[PATCH 4/6] KVM: x86: Introduce KVM_GET_SREGS2 / KVM_SET_SREGS2

2021-04-01 Thread Maxim Levitsky
This is a new version of KVM_GET_SREGS / KVM_SET_SREGS ioctls,
aiming to replace them.

It has the following changes:
   * Has flags for future extensions
   * Has vcpu's PDPTS, which allows to save/restore them on migration.
   * Lacks obsolete interrupt bitmap (done now via KVM_SET_VCPU_EVENTS)

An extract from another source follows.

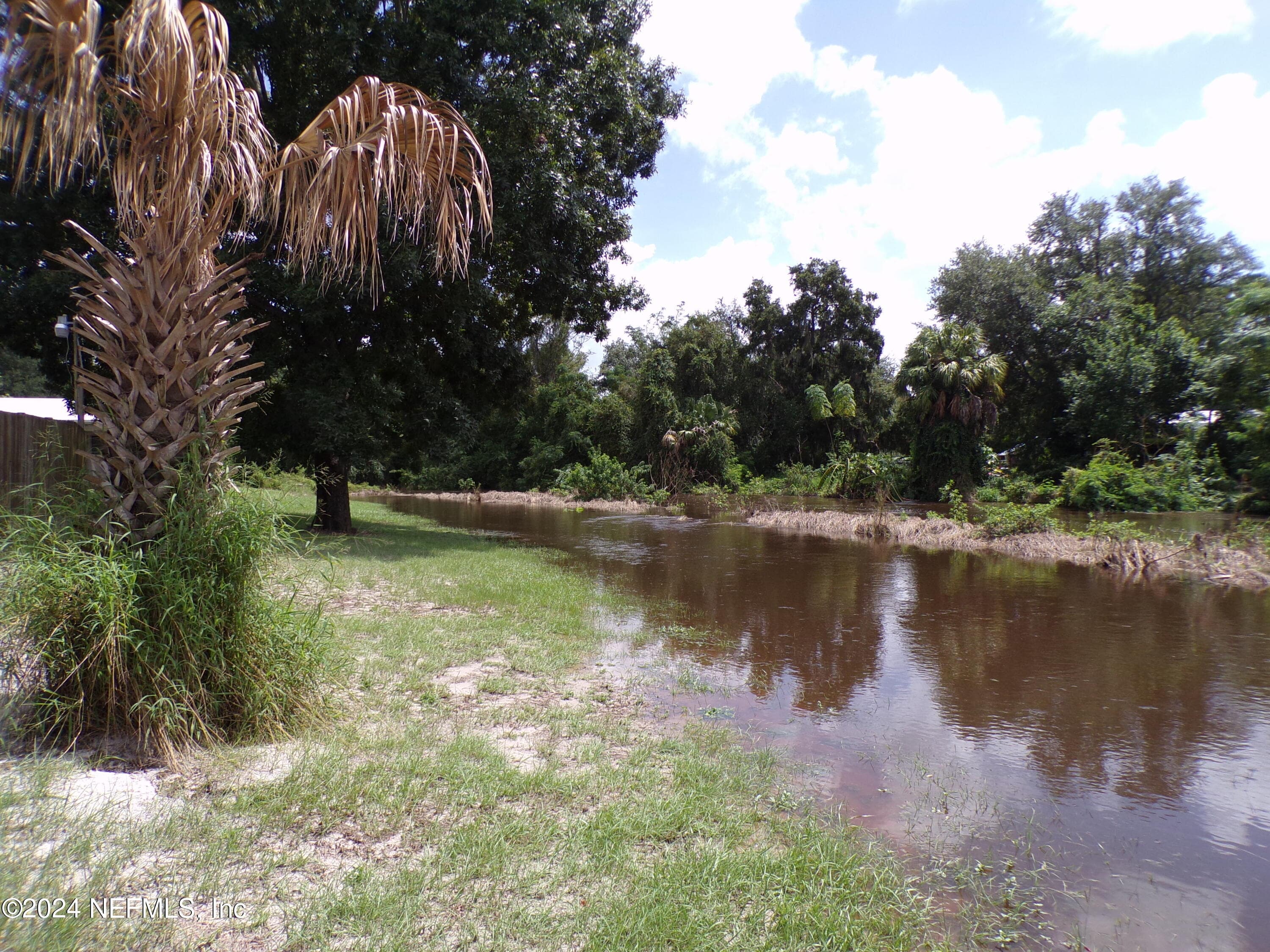 Photo 21 of 10642 EAST BAY Road, Gibsonton, FL 33534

New capability, KVM_CAP_SREGS2 is added to signal
userspace of this ioctl.

Currently only implemented on x86.

Signed-off-by: Maxim Levitsky 
---
 Documentation/virt/kvm/api.rst  |  43 ++
 arch/x86/include/asm/kvm_host.h |   7 ++
 arch/x86/include/uapi/asm/kvm.h |  13 +++
 arch/x86/kvm/kvm_cache_regs.h   |   5 ++
 arch/x86/kvm/x86.c  | 136 ++--
 include/uapi/linux/kvm.h|   5 ++
 6 files changed, 185 insertions(+), 24 deletions(-)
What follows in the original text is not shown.